The reply is to be an exact repetition of the entries that follow, with each picture left out.
── Data for analysis
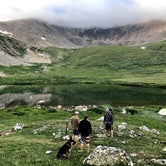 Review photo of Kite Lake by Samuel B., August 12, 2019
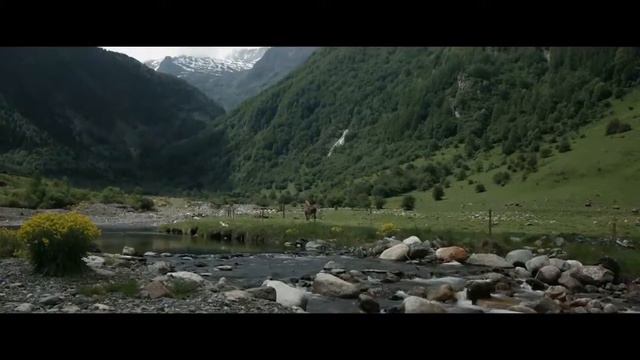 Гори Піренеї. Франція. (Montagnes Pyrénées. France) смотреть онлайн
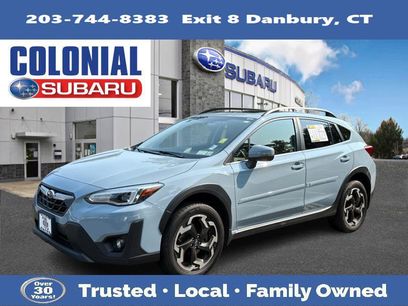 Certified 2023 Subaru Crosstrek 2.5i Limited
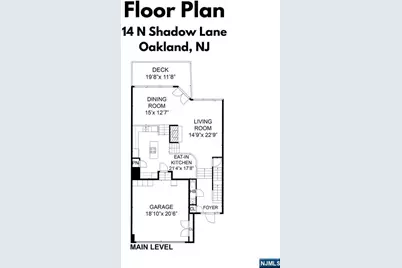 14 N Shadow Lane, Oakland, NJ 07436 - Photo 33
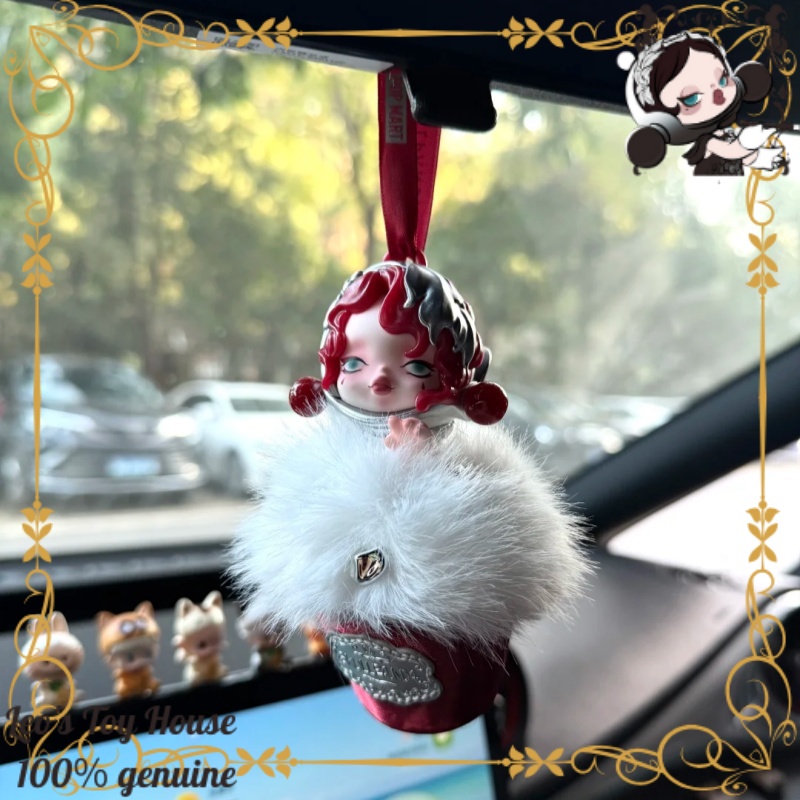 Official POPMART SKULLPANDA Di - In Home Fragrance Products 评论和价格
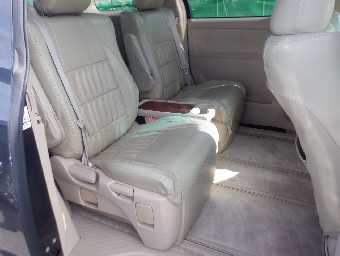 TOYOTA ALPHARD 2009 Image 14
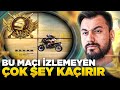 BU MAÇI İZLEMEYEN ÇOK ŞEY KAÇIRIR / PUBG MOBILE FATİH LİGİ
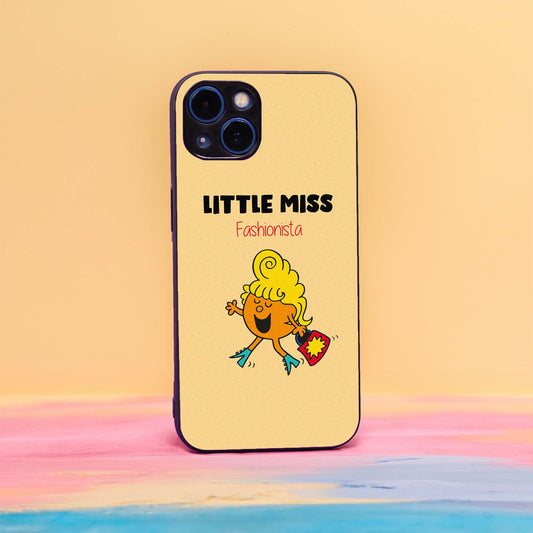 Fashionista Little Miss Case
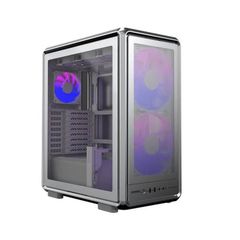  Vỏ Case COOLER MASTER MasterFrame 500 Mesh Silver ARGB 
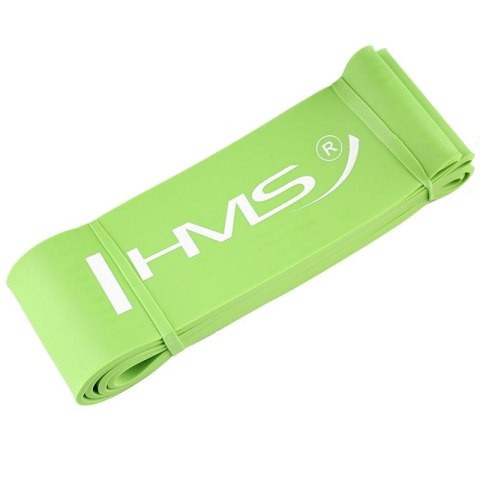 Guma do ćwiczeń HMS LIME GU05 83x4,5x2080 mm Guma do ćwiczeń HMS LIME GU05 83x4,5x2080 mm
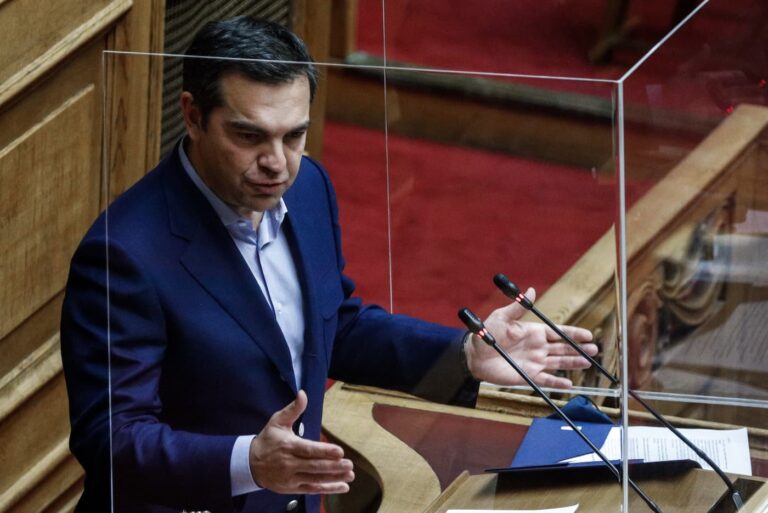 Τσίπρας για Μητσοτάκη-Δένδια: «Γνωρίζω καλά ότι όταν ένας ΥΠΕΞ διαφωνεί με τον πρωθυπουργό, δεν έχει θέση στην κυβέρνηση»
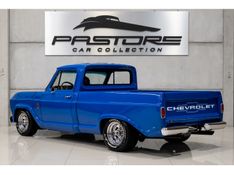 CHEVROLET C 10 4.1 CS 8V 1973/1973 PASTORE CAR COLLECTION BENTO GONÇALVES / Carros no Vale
────
Task solution:
 Review photo of Kite Lake by Samuel B., August 12, 2019
 Гори Піренеї. Франція. (Montagnes Pyrénées. France) смотреть онлайн
 Certified 2023 Subaru Crosstrek 2.5i Limited
 14 N Shadow Lane, Oakland, NJ 07436 - Photo 33
 Official POPMART SKULLPANDA Di - In Home Fragrance Products 评论和价格
 TOYOTA ALPHARD 2009 Image 14
 BU MAÇI İZLEMEYEN ÇOK ŞEY KAÇIRIR / PUBG MOBILE FATİH LİGİ
 Fashionista Little Miss Case
  Vỏ Case COOLER MASTER MasterFrame 500 Mesh Silver ARGB 
 Guma do ćwiczeń HMS LIME GU05 83x4,5x2080 mm Guma do ćwiczeń HMS LIME GU05 83x4,5x2080 mm
 Τσίπρας για Μητσοτάκη-Δένδια: «Γνωρίζω καλά ότι όταν ένας ΥΠΕΞ διαφωνεί με τον πρωθυπουργό, δεν έχει θέση στην κυβέρνηση»
 CHEVROLET C 10 4.1 CS 8V 1973/1973 PASTORE CAR COLLECTION BENTO GONÇALVES / Carros no Vale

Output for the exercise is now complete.